▶ [TASK]:
Restate, exactly as written, the entries below from the line that holds "image Ivy Condominium5" through the line that holds "Comment fixer une crédence sur du placo ?". Pictures are not part of the copy.
DATASET CONTENT section start
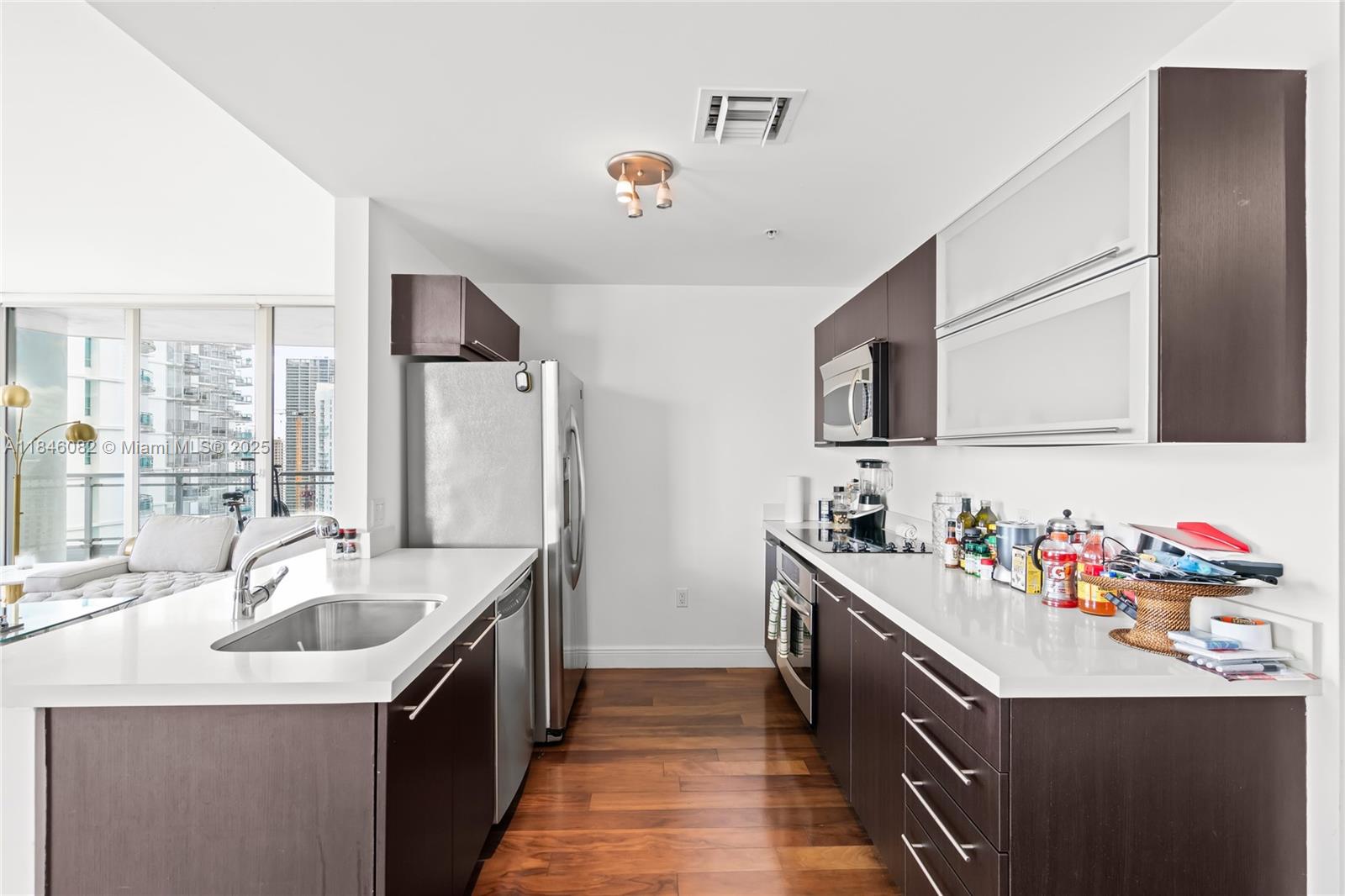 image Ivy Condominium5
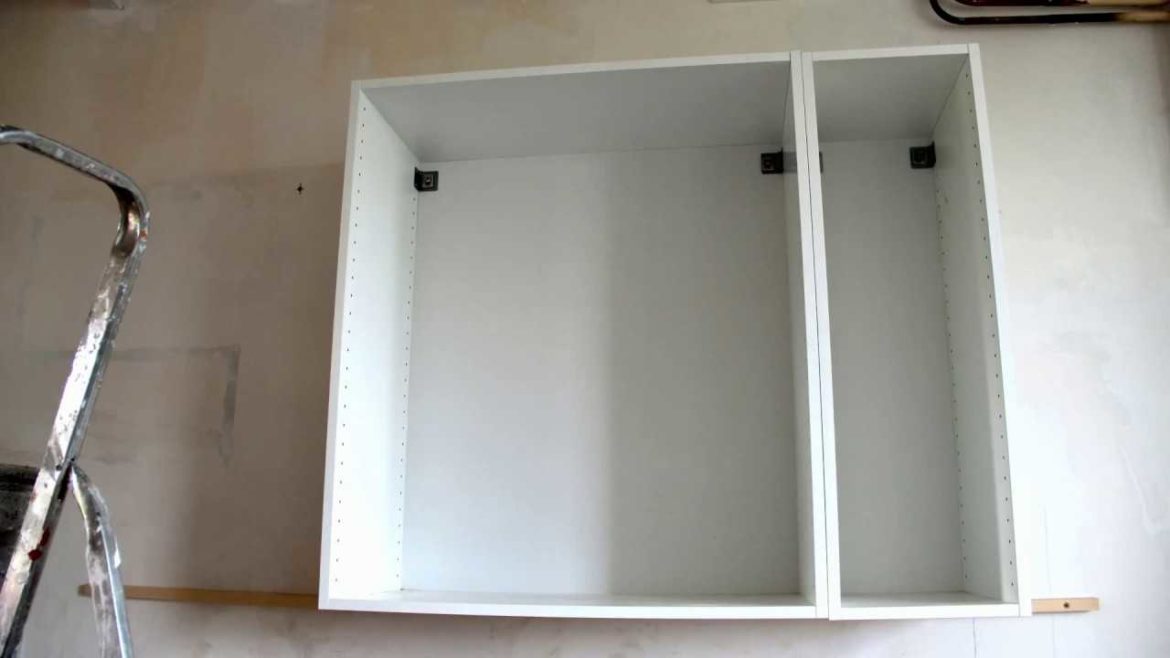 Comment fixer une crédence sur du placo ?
DATASET CONTENT section end
DATASET CONTENT section start
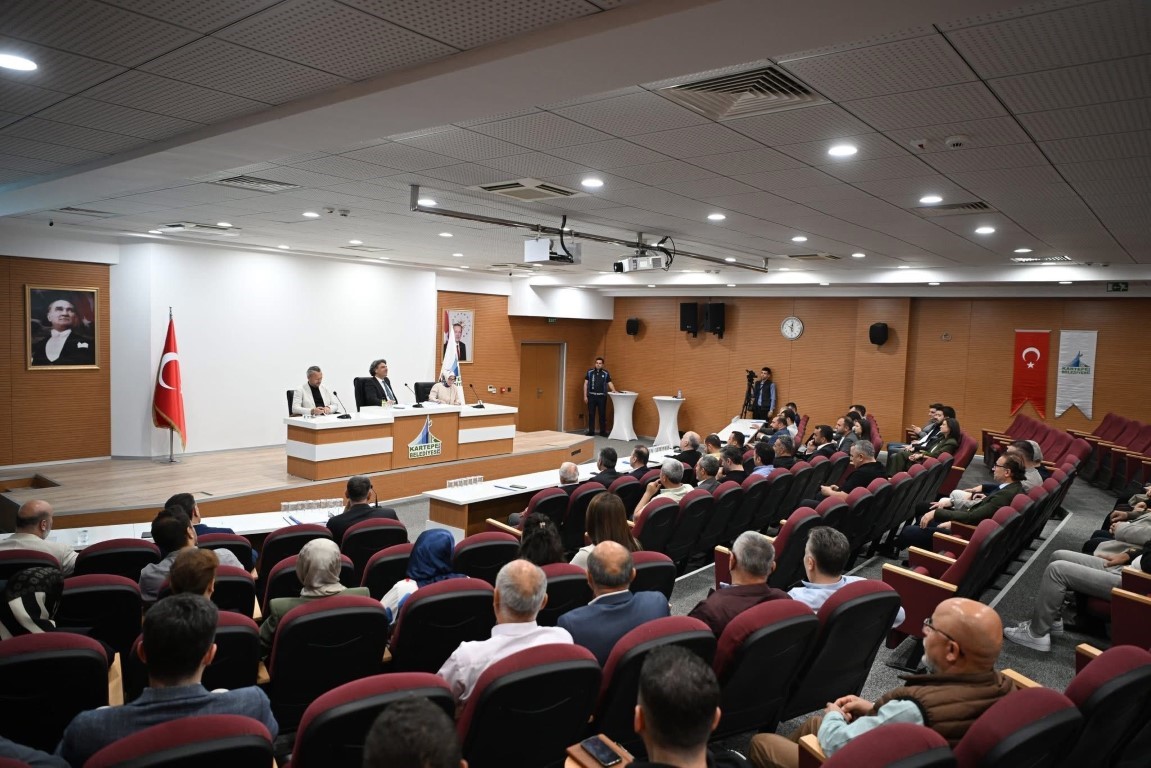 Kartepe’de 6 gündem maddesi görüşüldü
DATASET CONTENT section end
▶ [REPLY TO THE TASK]:
 image Ivy Condominium5
 Comment fixer une crédence sur du placo ?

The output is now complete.